90年代の釣りブームが起こっている状態で、なおかつ70年代の一度目のルアーブームだった頃に、購買力がなくてアブのリールを買えなかったであろう年齢層の人々が、立派な大人になっているというタイミング。
「なんか最近釣りが流行ってるのかな、また釣りをしてみようかな」なんて思っている購買力のある大人達の前に、子供の頃欲しくても買えなかった憧れのリールが復刻されて現れたら、ついつい買ってしまったのではないでしょうか。
この時のオリムピックは、なんとも商売上手だったと言えるでしょう。
さて、このような復刻作戦を現在やるとしたら、一体どんなリールを出したら良いのでしょうか。
今から20年ほど前の釣り少年達が、買いたくても買えなかったリールということになるでしょうから、スピニングリールなら昔のステラとかでしょうか。
しかし、例えば「95ステラ復刻」と売られたとしても、一体誰が買うのでしょうか。
そんなリールをわざわざ高いお金を出して買うなら、ほとんどの人が現行のステラを買うはずでしょう。
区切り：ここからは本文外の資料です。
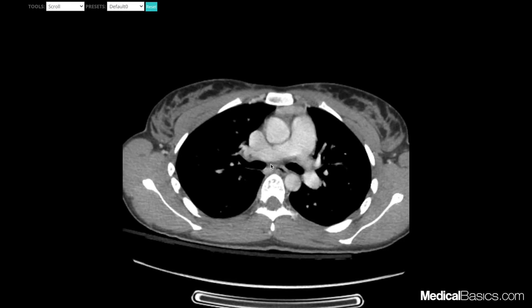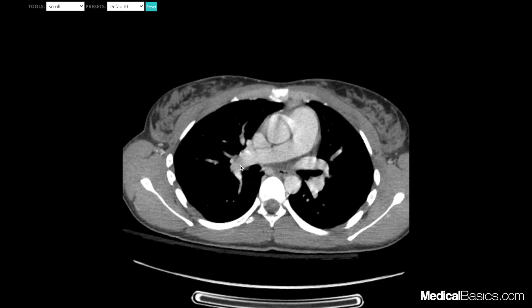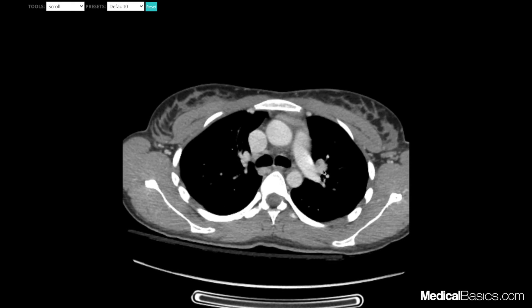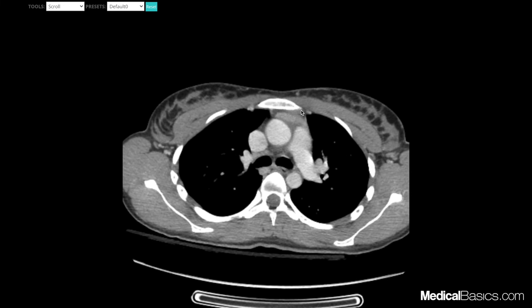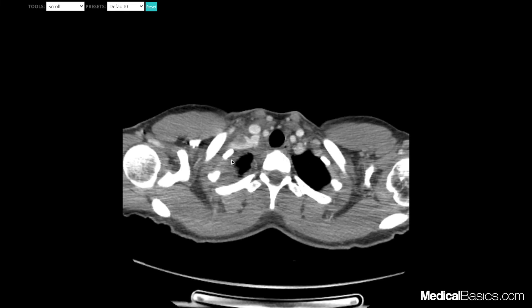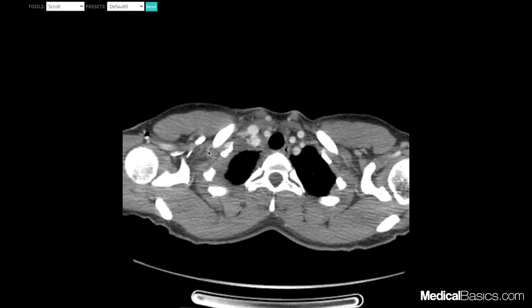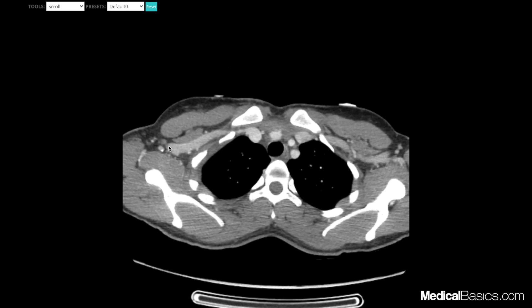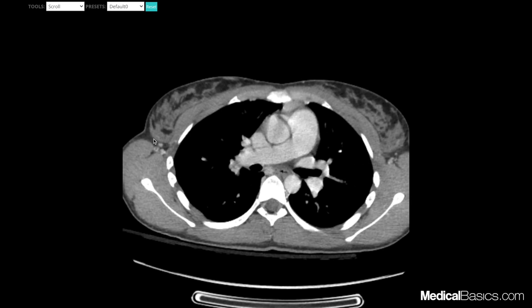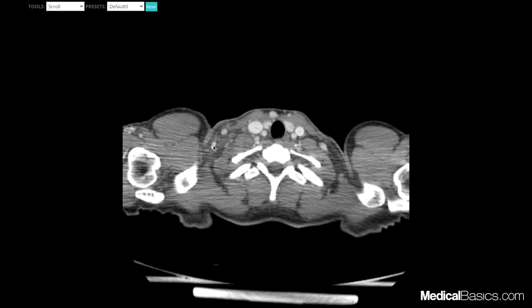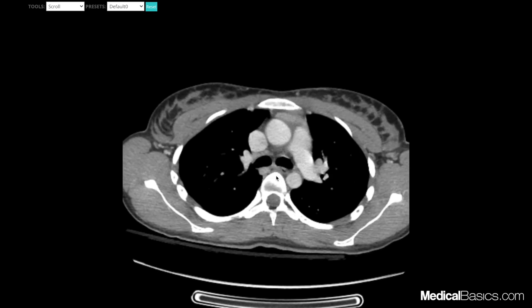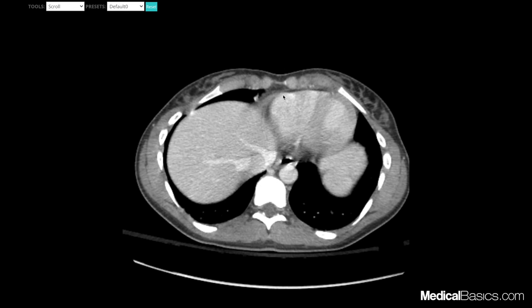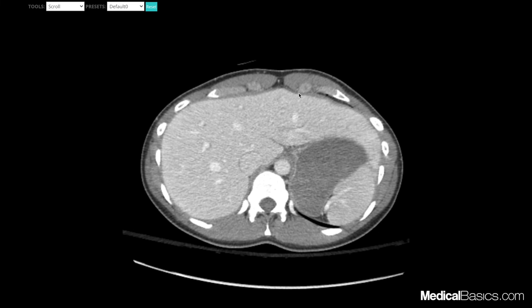Here we'll have our subcarinal lymph nodes, and all of these structures here are going to be our hilar lymph nodes — I'm pointing to vessels, but lymph nodes would appear here if there were lymphadenopathy. Here is where our internal mammary lymph nodes would be. Also common in cancer patients are supraclavicular lymph nodes, which pop up right above the clavicle. Here are our axillary lymph nodes going up and down the axilla on both sides. There are also many cervical lymph nodes, which we'll cover in another video. Here will be our prevertebral and our paravertebral lymph nodes. One thing we shouldn't forget is our cardiophrenic lymph nodes, which typically lie in this space right here.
このようなことを考えてみると、この30年ほどの日本のメーカー主導の元で売られてきたリールというものには、カーディナルのように時を越えても憧れを維持され続けるような魅力が無かったと言えるのではないでしょうか。
ころころとモデルチェンジをし、高性能ばかりを売りにしてきた結果、リールは長い年月愛されるような道具から、ただの味気ない機械に変わってしまったのでしょう。
企業が大きな利益を上げるためには、これしか方法が無かったのかもしれませんが、そんな味気ない機械で、自然の中で生き生きとした魚を釣るなんて、なんだかとてもミスマッチな気がしてしまうのは、私だけなのでしょうか。